J’ai commencé par la presse écrite à Paris, puis la radio, la télévision, le digital et Mikado FM. La presse écrite m’a formée, la radio m’a perfectionnée. J’ai moins aimé la télévision, à cause du stress de l’image. À Mikado FM, nous parlions à des communautés reculées, en plusieurs langues. Il fallait éviter les clichés, rester factuel et restituer leurs réalités sans simplification.

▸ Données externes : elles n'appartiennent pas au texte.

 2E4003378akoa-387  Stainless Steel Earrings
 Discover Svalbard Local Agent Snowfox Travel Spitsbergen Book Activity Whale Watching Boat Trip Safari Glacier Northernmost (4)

Qu’est-ce qui menace le plus le journalisme malien aujourd’hui ?

Le journalisme au Sahel est confronté à l’insécurité, aux pressions politiques, au manque de moyens, aux réseaux sociaux, à la désinformation et à la perte de confiance. Des journalistes sont menacés, emprisonnés ou disparaissent. D’autres s’autocensurent. La question est donc de savoir comment continuer à produire un journalisme de qualité dans un contexte aussi volatile.

Pourquoi ce chapitre sur les femmes dans la presse ?

J’ai toujours voulu que les femmes gagnent en visibilité. Pour moi, il n’y a pas de femmes journalistes ou d’hommes journalistes, il y a des journalistes. À APPEL-Mali, j’ai initié des formations pour que mes consœurs s’affirment, occupent des postes de responsabilité et créent leurs propres médias. J’aimerais voir demain une femme à la tête de la Maison de la presse du Mali.

Quelle priorité pour les jeunes journalistes ?

La formation. Il faut maîtriser l’écriture, le numérique, l’intelligence artificielle et les langues qui ouvrent aux couvertures internationales. Il faut aussi rester curieux, sortir de sa zone de confort et comprendre que le journalisme mène à tout, à condition qu’on veuille bien en sortir.